_THE PROBLEM_:
Without the pictures, set down everything in the listing exactly.

_DATASET EXTRACT_:
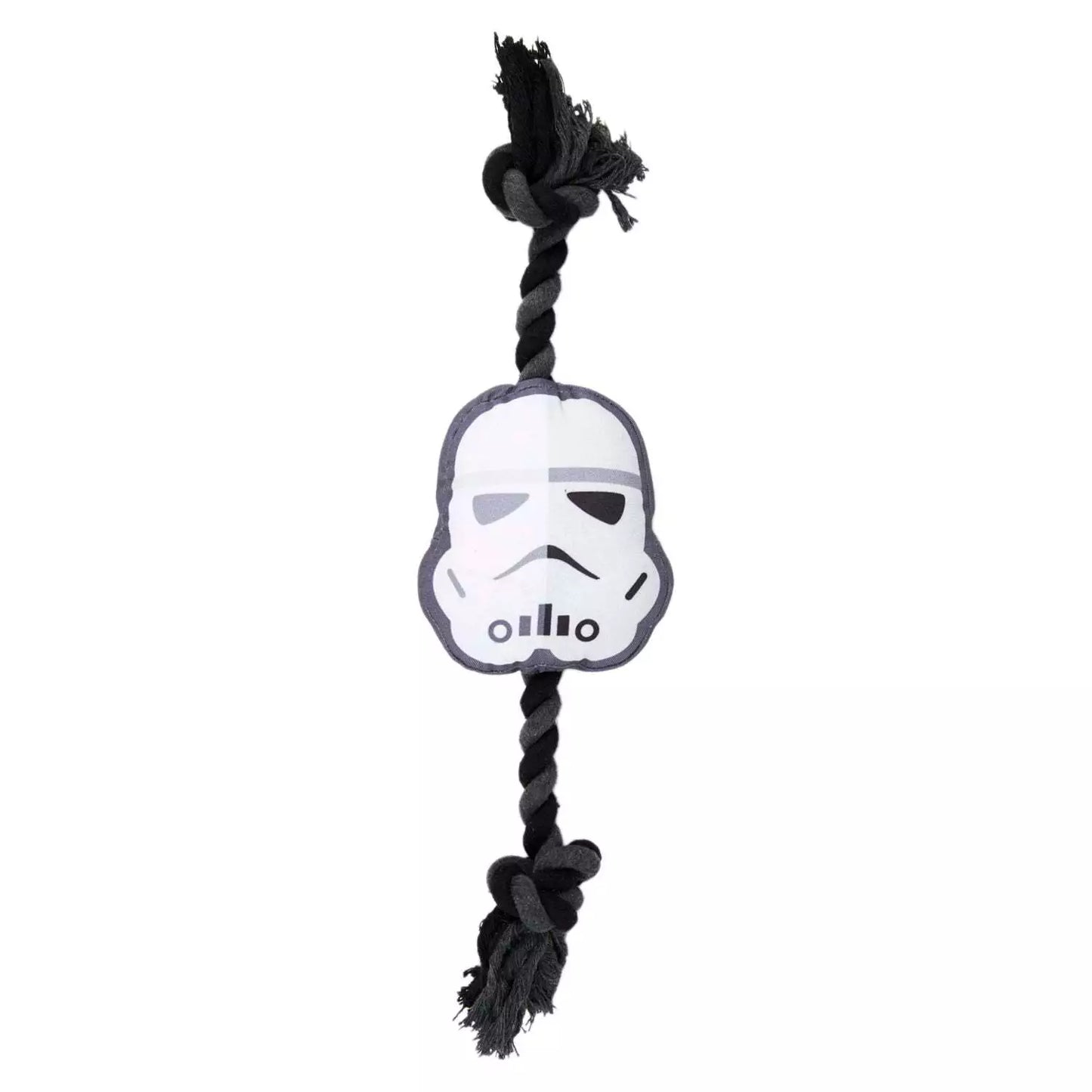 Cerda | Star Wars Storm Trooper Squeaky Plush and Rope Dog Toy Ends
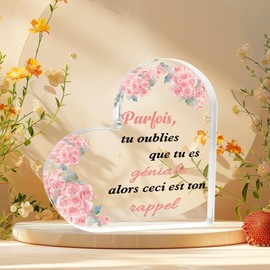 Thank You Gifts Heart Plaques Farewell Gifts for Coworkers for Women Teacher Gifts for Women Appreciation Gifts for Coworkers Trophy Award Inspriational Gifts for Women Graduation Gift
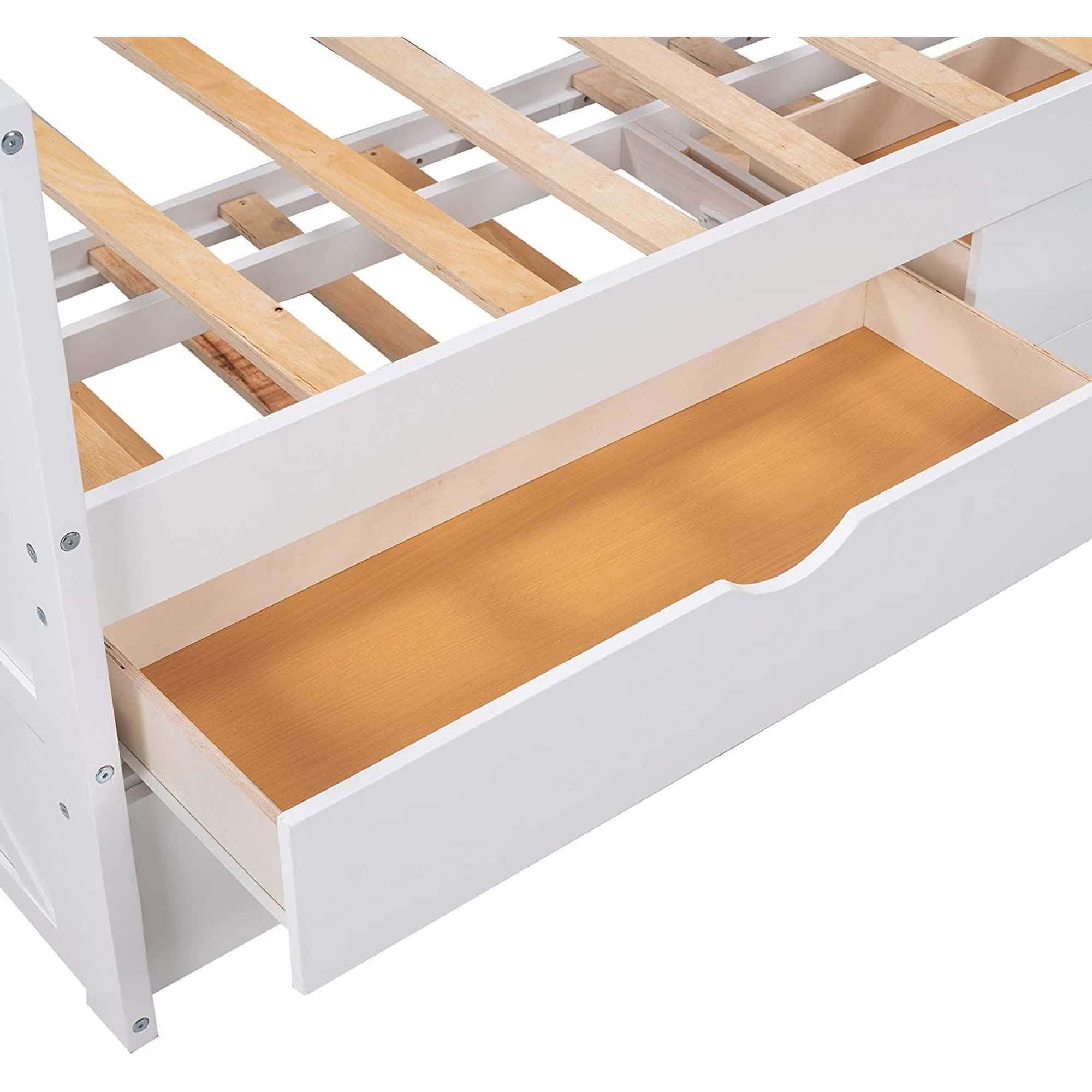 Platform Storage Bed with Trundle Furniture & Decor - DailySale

_RESPONSE TO THIS EXERCISE_:
 Cerda | Star Wars Storm Trooper Squeaky Plush and Rope Dog Toy Ends
 Thank You Gifts Heart Plaques Farewell Gifts for Coworkers for Women Teacher Gifts for Women Appreciation Gifts for Coworkers Trophy Award Inspriational Gifts for Women Graduation Gift
 Platform Storage Bed with Trundle Furniture & Decor - DailySale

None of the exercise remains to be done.